▶ _Your instructions_
Count the lines below that contain the word "happy", and state only that number.

▶ _Provided material_
★ ★ ★ ★ ★ ★ ★

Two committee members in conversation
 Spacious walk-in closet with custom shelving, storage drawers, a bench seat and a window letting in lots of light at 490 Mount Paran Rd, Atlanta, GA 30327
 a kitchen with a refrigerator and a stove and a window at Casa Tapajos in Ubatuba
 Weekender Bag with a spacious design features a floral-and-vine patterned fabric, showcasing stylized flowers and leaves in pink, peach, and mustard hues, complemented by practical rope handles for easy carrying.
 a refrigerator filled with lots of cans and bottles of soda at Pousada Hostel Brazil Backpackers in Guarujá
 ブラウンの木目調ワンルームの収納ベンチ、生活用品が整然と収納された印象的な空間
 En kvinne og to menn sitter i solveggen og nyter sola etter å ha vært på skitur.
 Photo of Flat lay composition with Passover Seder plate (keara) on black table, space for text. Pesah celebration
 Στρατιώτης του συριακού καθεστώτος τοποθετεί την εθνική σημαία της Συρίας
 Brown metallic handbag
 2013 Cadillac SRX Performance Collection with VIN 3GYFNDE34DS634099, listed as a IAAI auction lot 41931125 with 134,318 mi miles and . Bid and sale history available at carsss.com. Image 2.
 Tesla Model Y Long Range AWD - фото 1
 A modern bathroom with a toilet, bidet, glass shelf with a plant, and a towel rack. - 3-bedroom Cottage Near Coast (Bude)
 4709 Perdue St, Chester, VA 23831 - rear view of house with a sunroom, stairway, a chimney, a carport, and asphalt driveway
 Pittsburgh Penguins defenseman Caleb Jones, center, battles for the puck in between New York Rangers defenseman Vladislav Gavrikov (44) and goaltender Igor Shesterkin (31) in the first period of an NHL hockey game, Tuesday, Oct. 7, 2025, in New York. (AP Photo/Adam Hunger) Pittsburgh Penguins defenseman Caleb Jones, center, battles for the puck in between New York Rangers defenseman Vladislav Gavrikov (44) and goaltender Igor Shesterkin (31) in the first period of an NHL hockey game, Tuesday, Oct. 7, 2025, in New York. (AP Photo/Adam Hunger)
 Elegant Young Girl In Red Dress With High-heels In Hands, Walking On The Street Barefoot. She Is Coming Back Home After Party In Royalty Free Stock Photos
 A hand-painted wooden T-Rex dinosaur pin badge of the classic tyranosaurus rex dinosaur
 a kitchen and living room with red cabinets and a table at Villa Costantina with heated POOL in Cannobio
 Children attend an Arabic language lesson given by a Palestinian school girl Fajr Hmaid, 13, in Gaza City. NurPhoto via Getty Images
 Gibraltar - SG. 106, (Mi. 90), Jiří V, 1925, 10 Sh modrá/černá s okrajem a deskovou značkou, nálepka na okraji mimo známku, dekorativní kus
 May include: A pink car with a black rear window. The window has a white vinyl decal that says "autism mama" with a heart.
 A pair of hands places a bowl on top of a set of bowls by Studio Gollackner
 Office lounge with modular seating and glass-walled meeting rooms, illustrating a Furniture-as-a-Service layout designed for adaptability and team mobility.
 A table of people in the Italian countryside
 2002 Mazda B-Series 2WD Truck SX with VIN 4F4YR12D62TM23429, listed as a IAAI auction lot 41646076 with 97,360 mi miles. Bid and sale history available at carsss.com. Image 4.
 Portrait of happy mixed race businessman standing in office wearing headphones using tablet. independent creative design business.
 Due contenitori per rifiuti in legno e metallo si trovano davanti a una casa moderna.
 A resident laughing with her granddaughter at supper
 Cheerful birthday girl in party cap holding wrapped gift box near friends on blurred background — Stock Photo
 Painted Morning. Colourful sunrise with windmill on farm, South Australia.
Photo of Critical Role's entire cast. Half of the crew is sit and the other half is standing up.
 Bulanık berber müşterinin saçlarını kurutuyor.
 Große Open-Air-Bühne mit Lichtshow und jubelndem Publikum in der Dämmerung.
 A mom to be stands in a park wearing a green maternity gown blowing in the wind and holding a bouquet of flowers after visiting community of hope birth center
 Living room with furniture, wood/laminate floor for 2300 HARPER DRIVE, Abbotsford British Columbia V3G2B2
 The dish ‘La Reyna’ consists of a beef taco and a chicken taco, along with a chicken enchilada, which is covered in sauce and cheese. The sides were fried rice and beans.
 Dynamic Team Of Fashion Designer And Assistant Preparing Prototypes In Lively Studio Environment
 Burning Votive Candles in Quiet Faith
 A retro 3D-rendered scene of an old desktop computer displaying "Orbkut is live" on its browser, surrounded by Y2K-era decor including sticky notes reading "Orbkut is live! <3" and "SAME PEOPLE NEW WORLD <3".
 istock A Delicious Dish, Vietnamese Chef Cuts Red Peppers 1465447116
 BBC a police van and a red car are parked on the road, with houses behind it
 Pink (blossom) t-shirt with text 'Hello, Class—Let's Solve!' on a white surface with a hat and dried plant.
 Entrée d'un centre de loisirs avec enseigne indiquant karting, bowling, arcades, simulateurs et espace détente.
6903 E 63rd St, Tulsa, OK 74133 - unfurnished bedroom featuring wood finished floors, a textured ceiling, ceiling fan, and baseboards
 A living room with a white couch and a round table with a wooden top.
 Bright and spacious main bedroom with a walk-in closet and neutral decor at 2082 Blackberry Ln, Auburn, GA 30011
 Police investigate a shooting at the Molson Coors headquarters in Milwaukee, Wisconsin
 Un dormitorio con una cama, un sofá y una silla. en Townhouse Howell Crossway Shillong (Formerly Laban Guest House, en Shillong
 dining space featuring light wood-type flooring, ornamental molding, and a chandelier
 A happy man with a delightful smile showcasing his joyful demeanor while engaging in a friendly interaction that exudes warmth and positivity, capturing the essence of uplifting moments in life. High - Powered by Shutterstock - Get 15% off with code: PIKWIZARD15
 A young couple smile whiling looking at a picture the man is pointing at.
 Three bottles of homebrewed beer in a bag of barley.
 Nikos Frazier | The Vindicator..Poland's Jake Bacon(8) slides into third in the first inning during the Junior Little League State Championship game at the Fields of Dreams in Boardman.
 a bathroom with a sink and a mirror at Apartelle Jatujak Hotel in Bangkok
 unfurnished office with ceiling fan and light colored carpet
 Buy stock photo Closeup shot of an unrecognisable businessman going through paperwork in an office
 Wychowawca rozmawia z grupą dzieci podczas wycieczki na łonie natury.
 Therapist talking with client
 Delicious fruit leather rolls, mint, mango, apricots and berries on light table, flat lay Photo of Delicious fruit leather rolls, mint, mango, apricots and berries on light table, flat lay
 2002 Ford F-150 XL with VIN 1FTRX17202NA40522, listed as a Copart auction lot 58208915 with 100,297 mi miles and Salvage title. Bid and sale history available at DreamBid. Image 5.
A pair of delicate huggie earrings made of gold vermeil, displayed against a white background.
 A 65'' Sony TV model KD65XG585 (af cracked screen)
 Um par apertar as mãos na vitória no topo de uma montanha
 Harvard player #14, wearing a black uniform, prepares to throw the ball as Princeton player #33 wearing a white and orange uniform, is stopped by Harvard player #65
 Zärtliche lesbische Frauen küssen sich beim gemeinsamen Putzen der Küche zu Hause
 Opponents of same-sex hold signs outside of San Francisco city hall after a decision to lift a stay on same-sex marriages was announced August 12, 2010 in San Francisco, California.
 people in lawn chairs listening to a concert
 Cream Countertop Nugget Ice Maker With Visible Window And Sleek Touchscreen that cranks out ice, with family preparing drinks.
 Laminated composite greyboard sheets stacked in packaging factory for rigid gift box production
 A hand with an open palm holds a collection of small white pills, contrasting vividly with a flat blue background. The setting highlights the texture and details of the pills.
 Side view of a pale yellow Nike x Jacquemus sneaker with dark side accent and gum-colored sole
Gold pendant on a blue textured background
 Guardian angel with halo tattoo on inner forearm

★ ★ ★ ★ ★ ★ ★

▶ _Response to the task_
2